**** Recorded information
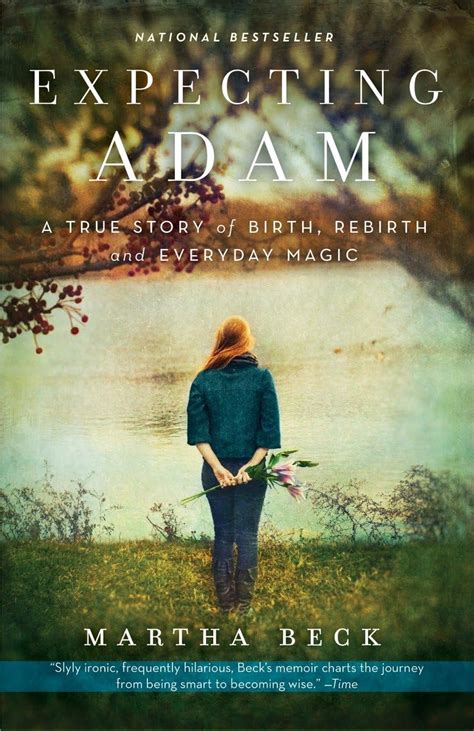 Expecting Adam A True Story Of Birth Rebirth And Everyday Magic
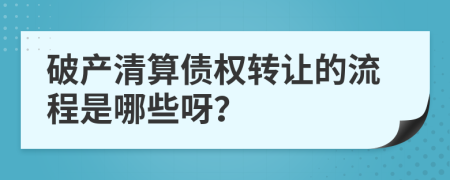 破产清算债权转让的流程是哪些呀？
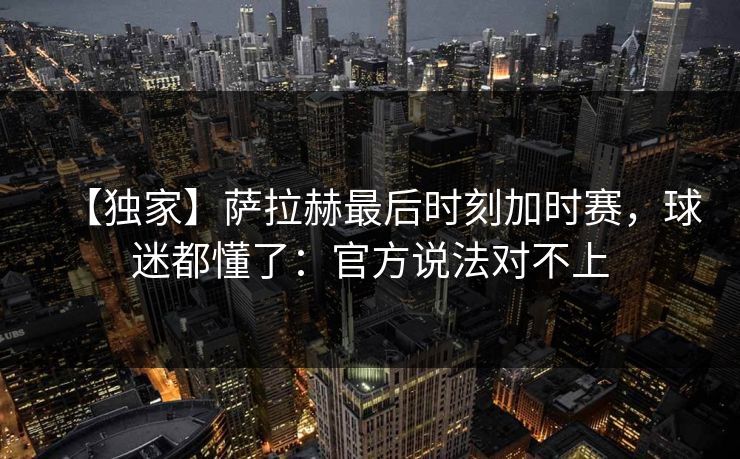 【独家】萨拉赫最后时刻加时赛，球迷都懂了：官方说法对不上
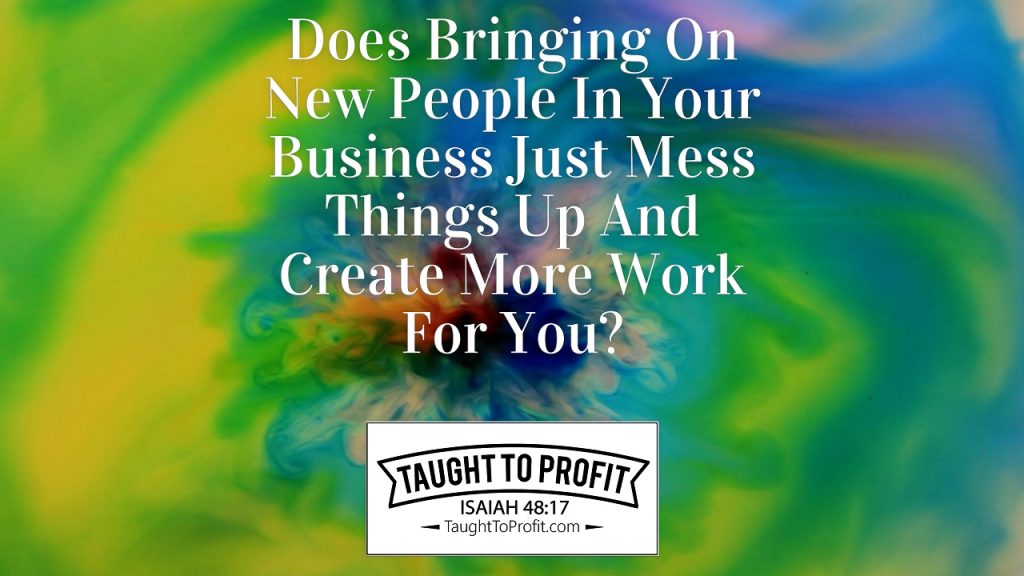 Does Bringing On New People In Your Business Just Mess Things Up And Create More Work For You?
********
**** Recorded information
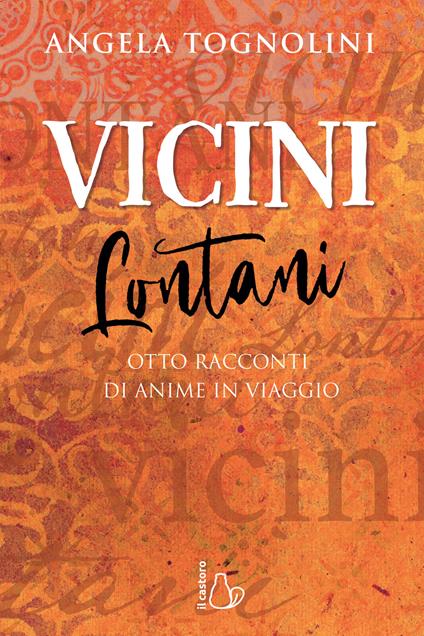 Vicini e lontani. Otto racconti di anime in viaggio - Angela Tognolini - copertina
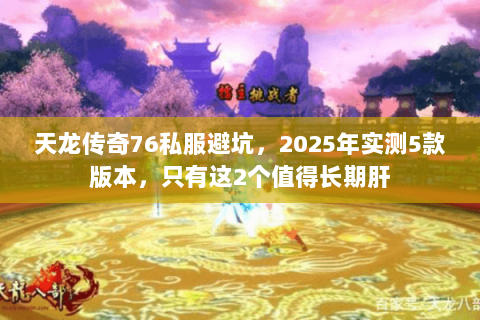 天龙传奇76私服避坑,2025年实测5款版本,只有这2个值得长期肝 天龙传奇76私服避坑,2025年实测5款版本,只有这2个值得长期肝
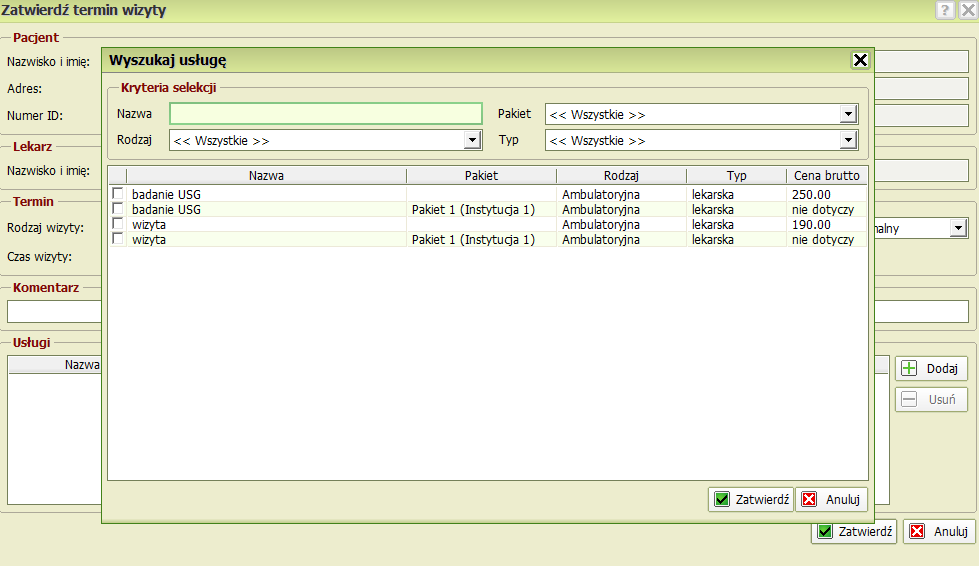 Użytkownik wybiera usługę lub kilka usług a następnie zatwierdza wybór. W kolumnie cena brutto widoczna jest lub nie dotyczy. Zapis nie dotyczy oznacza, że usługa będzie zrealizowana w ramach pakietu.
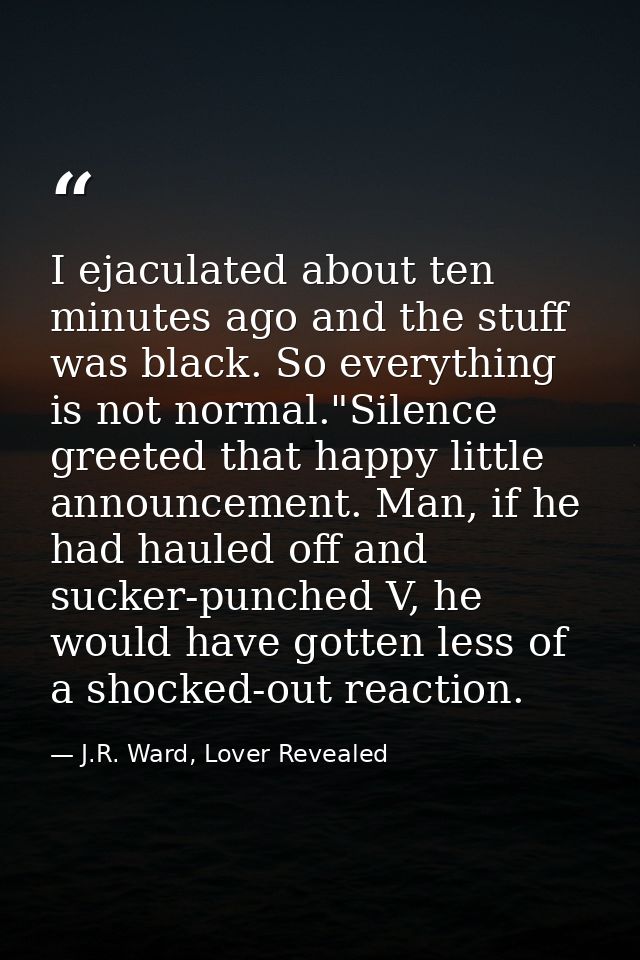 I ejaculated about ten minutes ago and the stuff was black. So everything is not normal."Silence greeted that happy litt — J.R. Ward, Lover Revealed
********
- Task objective:
Exact copy, pictures excluded: every line above from the one containing "破产清算债权转让的流程是哪些呀？" to the one containing "Does Bringing On", inclusive, and nothing more.

- Result below:
 破产清算债权转让的流程是哪些呀？
 【独家】萨拉赫最后时刻加时赛，球迷都懂了：官方说法对不上
 Does Bringing On New People In Your Business Just Mess Things Up And Create More Work For You?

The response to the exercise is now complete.